Suppose I have a tiny 5x5 pixel image for 25 square pixels. I apply a 7x7
matrix. Is this matrix too large for this tiny image? Should my image have
been at least a 7x7 size as well?

Thanks,
Blaine

"Anders Thulin" <ath_no_spam_please@algonet.se> wrote in message
news:jKfUd.18369$d5.142993@newsb.telia.net...
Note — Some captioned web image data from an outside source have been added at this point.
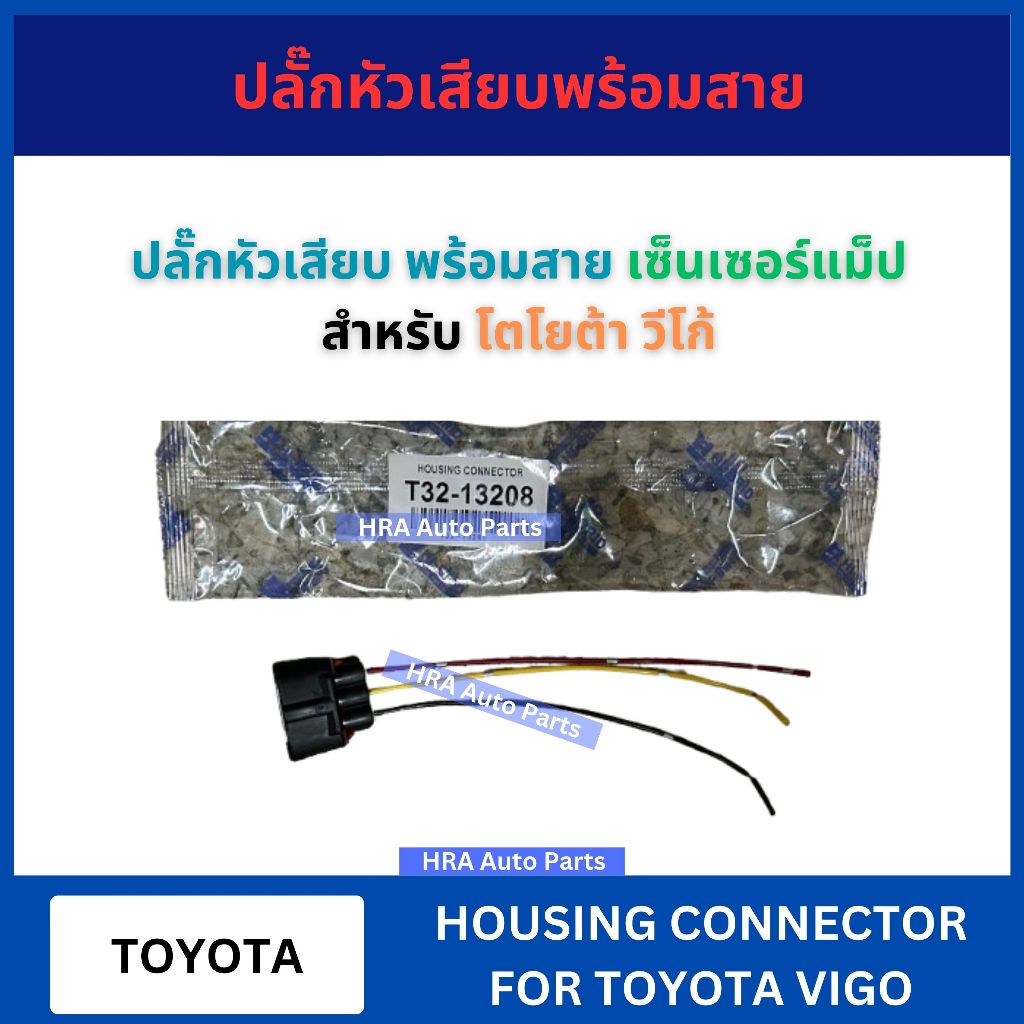 HI-BRID ปลั๊กหัวเสียบ พร้อมสาย 3 สาย T32-13208 เขี้ยวตรง สำหรับ TOYOTA VIGO แม็พเซ็นเซอร์ โตโยต้า วี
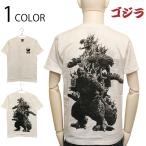 ゴジラ G -1.0 ゴジラ レボリューション 抜染 Tシャツ GS-0012 Tシャツ tシャツ フォーカート ロゴ GODZILLA 大怪獣 ゴジラ 綿100％ スラブ天竺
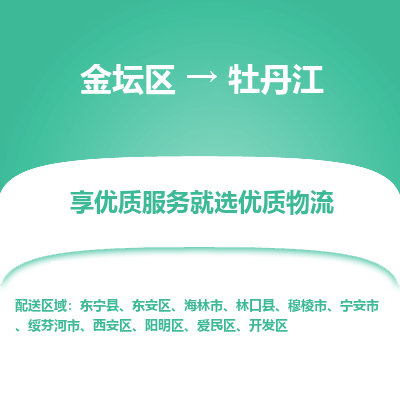 金坛到牡丹江物流专线_金坛区到牡丹江物流_金坛区至牡丹江货运公司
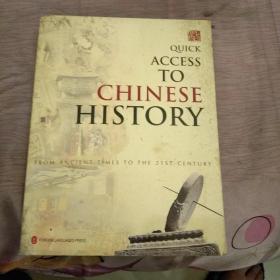 中国历史速查：从远古到21世纪（英）         QUICK ACCESS TO CHINESE HISTORY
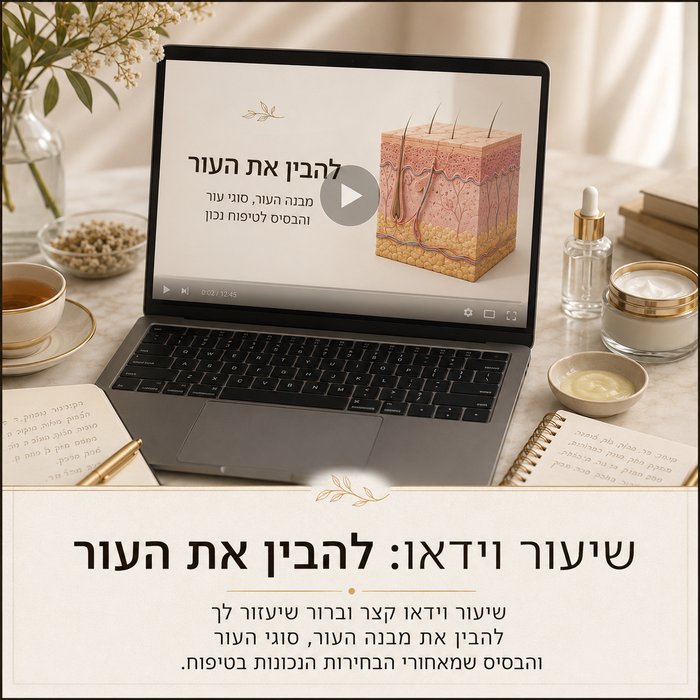 שיעור וידאו: להבין את העור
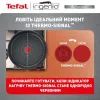 Набір сковорідок Tefal Ingenio Emotion 3 предмети (L897S374) зображення 9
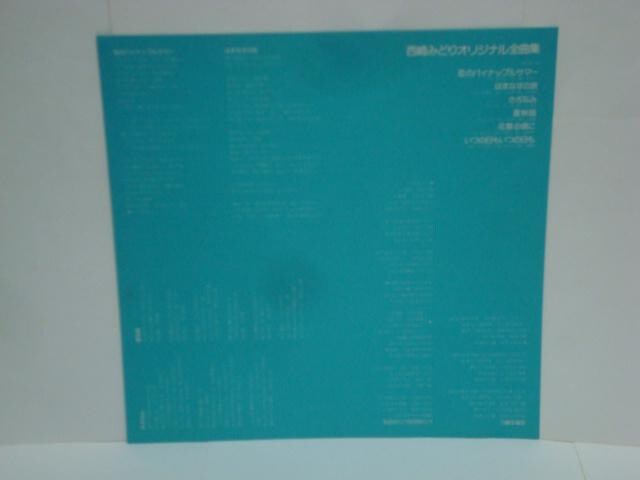 IWiSȏW / ݂ǂ /I[_[J[htLP  CD/DVD/rfI 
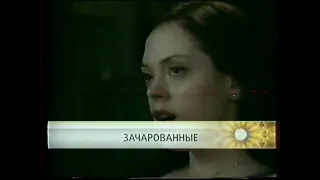 Анонс сериала "Зачарованные" (СТС, 2008) Фрагмент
> Blaine Waddington wrote:
>
> > I keep running into these "custom" or kernal filters in Photoshop and
other
> > programs but, try as I might, I have been unable to find good tutorials
as
> > to how they work with some practical input values.
>
> A textbook in image processing perhaps? *Real* image processing, not
> image editing or synthesizing. (I remember Gonzales & Wintz from way back,
but
> Gonzales & Woods probably replaces that nowadays.)
>
> Kernels are square arrays (typically of odd sizes, like 3x3) containing
a
> number of specially selected coeffiecents. The size is the 'input area',
> the coefficients the weighting of the corresponding pixels in the input
image,
> and the actual function being performed over these pixels is typically
> summing follwoed by a scaling operation implicit in the kernel. Output is
> one single pixel orresponding to the center of the kernel.
>
> Processing is done by placing the kernel in all possible positions on
the
> input image, and creating an output image from the input pixels. (image
> edges get special treatment.) For example (3x3 kernel, with coordinate
[0,0] in the center):
>
> out[x,y] := sum of (in[x-1,y-1]*kernel[-1,-1], ...,
in[x+1,y+1]*kernel[1,1]);
>
> Each pixel gets multiplied with the corresponding kernel coefficient, and
the result is
> summed.
>
> If the kernel is all 1, and you add a division by 9 at the end, this is
a simple
> averaging filter (remember, pixels are from input image only). By changing
the kernel,
> you can weight pixels to influence the outcome more (though you may need
to change the
> 9 accordingly). For instance, corner pixels may get weight 1, orthogonal
pixels weight
> 4, central pixel weight 9 -- this filter is slightly more spatially
sensitive than
> the 'all 1' one.
>
> You can also use kernels for feature detection, such as edge detection.
>
> If kernel is [[-1,-1,-1],[-1,8,-1],[-1,-1,-1]], you'll get a
> resulting image that is all edges from the original image, i.e. places
> where a low pixel value was next to a high pixel, regardless of direction
> (though within the spatial limitations of a 3x3 kernel).
>
> If you change that to [-1,8,-1][-1,8,-1][-1,8,-1], you'll
> enhance narrow vertical lines. Typically, the results from several
> such 'convolutions' are combined for further processing, and possibly
> even used as input images for higher-level convolutions.
>
> 3x3 pixels are a bit too primitive, though -- 5x5 or 7x7 often makes
for
> better results, but of course requires much more processing power.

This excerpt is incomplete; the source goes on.